La commune a demandé la suspension de cet arrêté, sur le fondement de l’article L. 521-1 du Code de justice administrative, devant le juge des référés du Tribunal administratif de Cergy-Pontoise. Ce dernier n’a pas fait droit à la demande par une ordonnance du 14 février 2018 pour défaut d’urgence. La commune a alors porté le litige devant le Conseil d’Etat.

En application des dispositions du Code de la construction et de l’habitation, certaines communes qui ne justifient pas d’un certain pourcentage de logements locatifs sociaux (20 ou 25%) se voient attribuer un objectif déterminé par le Préfet du département pour une période de 3 ans.

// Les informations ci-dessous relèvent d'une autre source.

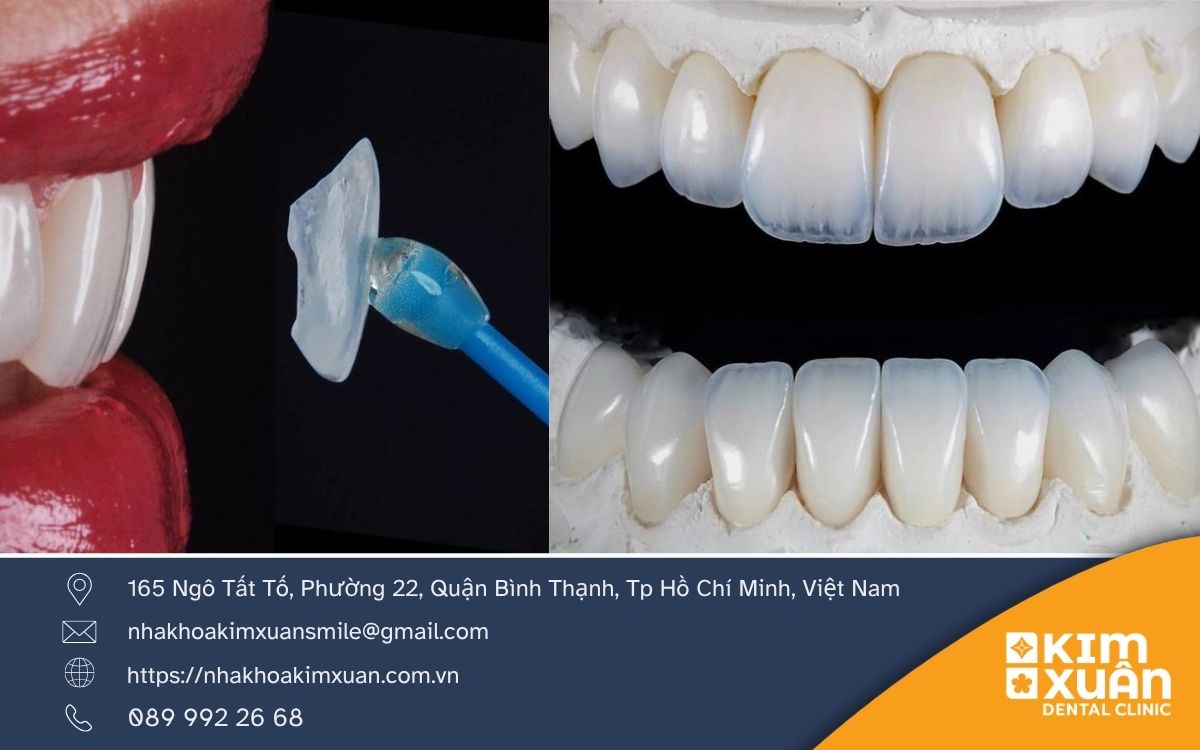 Veneer Emax Là Gì?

Si à l’issue de cette période de trois ans, la commune n’a pas réalisé les objectifs assignés, le Préfet peut prendre certaines mesures et notamment augmenté le taux de majoration du prélèvement par logement social manquant.

C’est au regard de cette mesure que la commune a tenté de justifier l’urgence qui constitue l’une des deux conditions à réunir pour obtenir la suspension d’un acte administratif, aux côtés du doute sérieux sur la légalité de l’acte.

Pourtant à l’instar du juge des référés du Tribunal administratif de Cergy-Pontoise, le Conseil d’Etat a estimé, pour rejeter l’urgence, que la commune « n’apporte pas de justification de nature à établir la gravité et l’immédiateté de l’atteinte portée à un intérêt public local et à sa situation financière ».

Surtout, le Conseil d’Etat refuse d’admettre l’existence d’une présomption d’urgence seulement au regard de la nature des mesures prononcées. Une telle présomption aurait nécessairement pour effet de faire peser à la charge du défendeur une preuve difficile (voire impossible) à rapporter. En effet, elle consisterait à obliger l’Etat à démontrer qu’il n’y a aucune urgence à suspendre l’acte puisqu’il ne porte pas atteinte aux finances locales de la commune.